## About this task
Your answer is the lines below, exactly, from the one that contains "Then I'm grabbing" through the one that contains "This is the", both included.

## Input material
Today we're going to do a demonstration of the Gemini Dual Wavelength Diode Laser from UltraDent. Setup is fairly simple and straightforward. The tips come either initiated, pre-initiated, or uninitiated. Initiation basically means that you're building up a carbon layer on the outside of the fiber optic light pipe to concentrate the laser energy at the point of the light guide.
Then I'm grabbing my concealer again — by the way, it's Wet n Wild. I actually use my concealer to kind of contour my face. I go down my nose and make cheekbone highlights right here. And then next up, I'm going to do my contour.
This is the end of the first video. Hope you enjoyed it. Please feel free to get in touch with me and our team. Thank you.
* * *
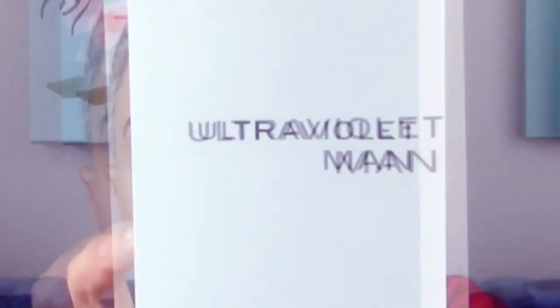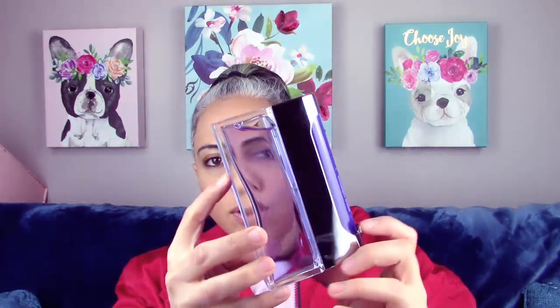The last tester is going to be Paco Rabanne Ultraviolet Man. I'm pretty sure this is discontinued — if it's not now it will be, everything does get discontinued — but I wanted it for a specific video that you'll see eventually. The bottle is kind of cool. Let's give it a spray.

## Completed task
Then I'm grabbing my concealer again — by the way, it's Wet n Wild. I actually use my concealer to kind of contour my face. I go down my nose and make cheekbone highlights right here. And then next up, I'm going to do my contour.
This is the end of the first video. Hope you enjoyed it. Please feel free to get in touch with me and our team. Thank you.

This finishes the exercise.